Renters and the housing cost burden
About half of the renters in the seven-county region are now cost-burdened, compared to less than 40 percent in 2000. The average rental rate for the seven-county region has risen from slightly more than $700 per month in 2000 to slightly more than $900 per month in 2008.
According to the Wilder report, “The wave of foreclosures may have contributed to the tightening of the rental market and increased rents as former homeowners become apartment dwellers. ” In addition, foreclosures on rental properties dislocate renters and take rental units out of circulation.
For very low-income households, waiting list to receive a Section 8 housing voucher is two to four years at several suburban public housing agencies – and that does not include the wait to even get on the list, which opens only periodically (every two to six years). (See Low-income and nowhere to live.)
Homelessness
While current numbers are not available, homelessness appears to be on the rise. (See Homeless in Minneapolis for a description of increasing homelessness in the Twin Cities.)
In the last two weeks of December 2008, Ramsey County began the Rapid Rehousing Pilot Project, in partnership with the YWCA, using some unspent 2008 contingency funds. Seventeen families were selected to receive several months of rental assistance as well as damage deposits for the first six months of 2009.
As a result of the implementation of the pilot project, the county was able to accommodate a significant number of new requests for family emergency shelter.
Jim Anderson of Ramsey County Human Services wrote in an e-mail that the pilot,
“albeit for a short time, clearly demonstrated that it is possible to move a significant number of families from emergency shelters to market rate housing in a very short time, but only if there is rental assistance available to provide a family the breathing space they need to start over and build stability.” He added that many of the families would also need supportive services to help them during the transition.
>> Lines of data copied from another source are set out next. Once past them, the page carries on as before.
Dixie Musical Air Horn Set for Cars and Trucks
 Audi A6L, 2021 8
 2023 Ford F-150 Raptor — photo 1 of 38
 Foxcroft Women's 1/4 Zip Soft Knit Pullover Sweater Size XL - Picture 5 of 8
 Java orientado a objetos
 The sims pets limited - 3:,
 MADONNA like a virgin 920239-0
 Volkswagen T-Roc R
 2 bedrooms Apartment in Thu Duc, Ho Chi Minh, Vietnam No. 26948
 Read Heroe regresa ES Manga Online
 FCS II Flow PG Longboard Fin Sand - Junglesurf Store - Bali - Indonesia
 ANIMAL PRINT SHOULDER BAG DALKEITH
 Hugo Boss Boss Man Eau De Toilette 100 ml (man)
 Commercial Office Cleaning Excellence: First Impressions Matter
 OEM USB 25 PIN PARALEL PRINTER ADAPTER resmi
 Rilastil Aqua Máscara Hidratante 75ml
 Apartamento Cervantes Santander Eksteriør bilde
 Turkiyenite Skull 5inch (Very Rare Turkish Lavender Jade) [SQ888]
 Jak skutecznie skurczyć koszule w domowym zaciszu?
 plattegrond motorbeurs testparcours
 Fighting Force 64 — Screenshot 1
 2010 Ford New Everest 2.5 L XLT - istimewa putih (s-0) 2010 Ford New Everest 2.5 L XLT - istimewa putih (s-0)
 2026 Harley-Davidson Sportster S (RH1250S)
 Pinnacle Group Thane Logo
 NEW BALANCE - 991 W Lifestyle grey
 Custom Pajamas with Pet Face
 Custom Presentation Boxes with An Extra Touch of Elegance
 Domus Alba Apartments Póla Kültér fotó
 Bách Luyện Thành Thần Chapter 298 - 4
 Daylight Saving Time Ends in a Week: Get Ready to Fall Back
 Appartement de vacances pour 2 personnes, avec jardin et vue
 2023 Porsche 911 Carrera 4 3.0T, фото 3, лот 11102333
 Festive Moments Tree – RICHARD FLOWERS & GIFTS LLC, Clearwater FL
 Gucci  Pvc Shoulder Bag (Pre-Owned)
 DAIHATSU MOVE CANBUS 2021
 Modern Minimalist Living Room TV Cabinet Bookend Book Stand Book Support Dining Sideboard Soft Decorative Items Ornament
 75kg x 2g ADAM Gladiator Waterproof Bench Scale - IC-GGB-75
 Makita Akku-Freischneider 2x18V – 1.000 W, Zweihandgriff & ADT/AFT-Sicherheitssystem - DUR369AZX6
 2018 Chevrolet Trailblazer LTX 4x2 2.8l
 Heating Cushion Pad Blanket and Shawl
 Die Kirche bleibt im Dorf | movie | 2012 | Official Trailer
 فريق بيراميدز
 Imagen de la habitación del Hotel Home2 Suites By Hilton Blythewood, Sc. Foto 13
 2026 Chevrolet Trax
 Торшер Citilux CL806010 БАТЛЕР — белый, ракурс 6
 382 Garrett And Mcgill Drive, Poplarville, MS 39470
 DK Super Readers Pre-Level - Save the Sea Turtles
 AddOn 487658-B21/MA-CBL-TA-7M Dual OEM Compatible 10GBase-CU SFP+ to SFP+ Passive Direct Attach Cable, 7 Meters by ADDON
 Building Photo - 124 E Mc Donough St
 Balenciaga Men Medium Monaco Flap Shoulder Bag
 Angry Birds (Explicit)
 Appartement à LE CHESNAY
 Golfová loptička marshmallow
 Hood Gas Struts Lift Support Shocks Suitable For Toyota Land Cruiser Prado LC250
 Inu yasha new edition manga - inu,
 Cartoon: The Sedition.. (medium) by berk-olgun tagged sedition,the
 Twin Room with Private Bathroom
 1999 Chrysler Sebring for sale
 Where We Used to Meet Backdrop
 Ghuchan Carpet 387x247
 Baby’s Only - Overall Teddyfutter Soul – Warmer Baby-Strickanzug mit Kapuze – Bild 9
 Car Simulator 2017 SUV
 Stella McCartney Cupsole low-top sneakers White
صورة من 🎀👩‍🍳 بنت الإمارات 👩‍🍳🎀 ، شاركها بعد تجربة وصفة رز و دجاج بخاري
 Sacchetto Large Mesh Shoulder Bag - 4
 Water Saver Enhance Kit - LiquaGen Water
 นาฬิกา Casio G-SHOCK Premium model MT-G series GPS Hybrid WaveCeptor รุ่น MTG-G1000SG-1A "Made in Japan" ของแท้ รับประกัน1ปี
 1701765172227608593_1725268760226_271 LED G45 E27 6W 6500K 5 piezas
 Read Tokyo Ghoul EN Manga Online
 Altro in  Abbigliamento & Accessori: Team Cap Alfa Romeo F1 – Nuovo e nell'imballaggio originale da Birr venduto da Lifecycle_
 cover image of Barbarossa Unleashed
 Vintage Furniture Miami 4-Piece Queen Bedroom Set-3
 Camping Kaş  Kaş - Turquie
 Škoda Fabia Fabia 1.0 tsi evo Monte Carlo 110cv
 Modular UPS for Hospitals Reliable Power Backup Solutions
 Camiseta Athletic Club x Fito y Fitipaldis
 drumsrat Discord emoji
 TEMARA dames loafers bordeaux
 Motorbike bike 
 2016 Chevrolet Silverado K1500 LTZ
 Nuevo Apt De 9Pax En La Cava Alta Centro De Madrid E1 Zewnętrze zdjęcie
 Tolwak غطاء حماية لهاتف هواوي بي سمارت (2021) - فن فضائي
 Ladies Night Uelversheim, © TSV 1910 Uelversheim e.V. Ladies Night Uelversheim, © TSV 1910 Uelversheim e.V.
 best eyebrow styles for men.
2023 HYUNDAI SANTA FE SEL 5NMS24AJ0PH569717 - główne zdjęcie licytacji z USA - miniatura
Kristine Zimba is Family Support Services Manager of YWCA St. Paul which is managing the pilot program. She said that families in the pilot program need the additional supports in order to get back on their feet. She told about one young couple with two toddlers. Zimba said, “ Budgeting their money especially when it comes to diapers, transportation, utility bills, etc the family has had difficulty in the past with not being able to manage bills and sometimes they find themselves paying large late bills so their phone or heat isn’t cut off and then they don’t have enough money for rent, transportation and the diapers.” She said that having a case manager they can call upon to help find resources makes all the difference.